A burka acaba de ser proibida na França. É uma lei que se refere a menos de 2 mil pessoas (dos 64 milhões de habitantes) que será difícil de ser aplicada. O senhor acredita que era indispensável e proporcional?

É justa. A lei nunca é fácil de ser aplicada. Sempre é difícil prender um motorista por excesso de velocidade, ou um ladrão. A burka contradiz um princípio republicano fundamental, que é a da igualdade dos sexos, assim como o princípio do reconhecimento do outro. Não existe democracia se vê não pode ver o rosto do outro. Há muitas coisas que são proibidas embora afetem a menos de 2 mil pessoas, e estão aí. Uma lei é proporcional à qualidade do delito, não à quantidade de delinquentes. A burka é contrária ao espírito da democracia.

O senhor começou uma campanha para salvar a iraquiana Sakineh, condenada ao apedrejamento por adultério. Está verdadeiramente ao nosso alcance salvá-la?

Perfeitamente ao nosso alcance. Ao contrário do que repetem constantemente, não é verdade que as opiniões não podem fazer com que as ditaduras recuem. Os iraquianos nos ouvem? Claro que nos ouvem! Aconteceu com o incêndio do Reichstag, Hitler recuou. Stalin recuou graças à campanha de Víctor Serge. As ditaduras retificam quando há resistência. Por uma razão muito simples: são regimes de guerra. Quem diz guerra diz estratégia, diz relação de forças, adaptação.

No Afeganistão, existe guerra ou não? A opinião pública está dividida sobre essa questão.

Existe uma guerra. Há tropas, há enfrentamentos militares… É principalmente uma guerra entre as duas concepções do Islã. O conceito de “choque de civilizações” é espantoso, mas no interior do Islã ele pode ser aplicado à guerra entre o islã das luzes e o islã da sombra.

Devem-se manter as tropas?

Sem dúvida.

Habitualmente, o senhor é definido como um provocador. Está de acordo com esse qualificativo?

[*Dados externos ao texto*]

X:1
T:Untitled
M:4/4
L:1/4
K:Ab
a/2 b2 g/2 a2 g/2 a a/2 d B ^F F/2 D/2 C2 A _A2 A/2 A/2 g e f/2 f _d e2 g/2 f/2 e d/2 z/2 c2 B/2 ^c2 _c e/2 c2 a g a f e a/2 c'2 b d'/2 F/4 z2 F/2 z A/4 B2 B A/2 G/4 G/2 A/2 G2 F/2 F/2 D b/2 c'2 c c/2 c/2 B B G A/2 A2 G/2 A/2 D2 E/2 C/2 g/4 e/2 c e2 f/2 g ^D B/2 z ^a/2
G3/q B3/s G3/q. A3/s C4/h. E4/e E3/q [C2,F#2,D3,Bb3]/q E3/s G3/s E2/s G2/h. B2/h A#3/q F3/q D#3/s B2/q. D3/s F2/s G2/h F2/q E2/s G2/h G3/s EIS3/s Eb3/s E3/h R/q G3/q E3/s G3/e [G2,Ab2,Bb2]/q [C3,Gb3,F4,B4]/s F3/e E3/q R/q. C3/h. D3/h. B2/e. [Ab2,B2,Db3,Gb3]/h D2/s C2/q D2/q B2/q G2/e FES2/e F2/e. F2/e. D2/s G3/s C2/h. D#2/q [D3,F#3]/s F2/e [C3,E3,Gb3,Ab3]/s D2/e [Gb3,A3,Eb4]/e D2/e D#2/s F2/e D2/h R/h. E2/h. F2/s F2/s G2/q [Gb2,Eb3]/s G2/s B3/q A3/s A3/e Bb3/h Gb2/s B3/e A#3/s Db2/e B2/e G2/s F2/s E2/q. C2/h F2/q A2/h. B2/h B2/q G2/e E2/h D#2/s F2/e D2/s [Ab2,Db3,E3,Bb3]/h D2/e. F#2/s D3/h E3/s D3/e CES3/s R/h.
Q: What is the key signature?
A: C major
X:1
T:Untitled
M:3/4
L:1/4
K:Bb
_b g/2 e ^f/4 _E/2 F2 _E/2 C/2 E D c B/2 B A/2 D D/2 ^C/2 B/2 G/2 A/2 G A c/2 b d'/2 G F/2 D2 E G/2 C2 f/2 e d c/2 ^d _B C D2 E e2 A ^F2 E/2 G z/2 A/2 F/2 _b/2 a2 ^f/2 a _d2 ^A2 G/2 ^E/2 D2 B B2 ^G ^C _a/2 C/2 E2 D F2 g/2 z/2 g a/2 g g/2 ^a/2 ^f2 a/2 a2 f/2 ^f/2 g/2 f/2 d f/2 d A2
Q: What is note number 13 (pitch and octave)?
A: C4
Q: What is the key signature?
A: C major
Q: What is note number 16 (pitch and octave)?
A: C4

Não, absolutamente. Não tenho nenhum interesse em ser provocador. Eu sou alguém que tenta dizer a verdade e fazer avançar a justiça e o direito. Às vezes, a verdade é tão inaudível que só pode ser dita por meio da provocação. Mas nunca tive o sentimento de provocar.

E como se definiria?

Evito me definir. “Définir, c’est finir” (Definir é acabar).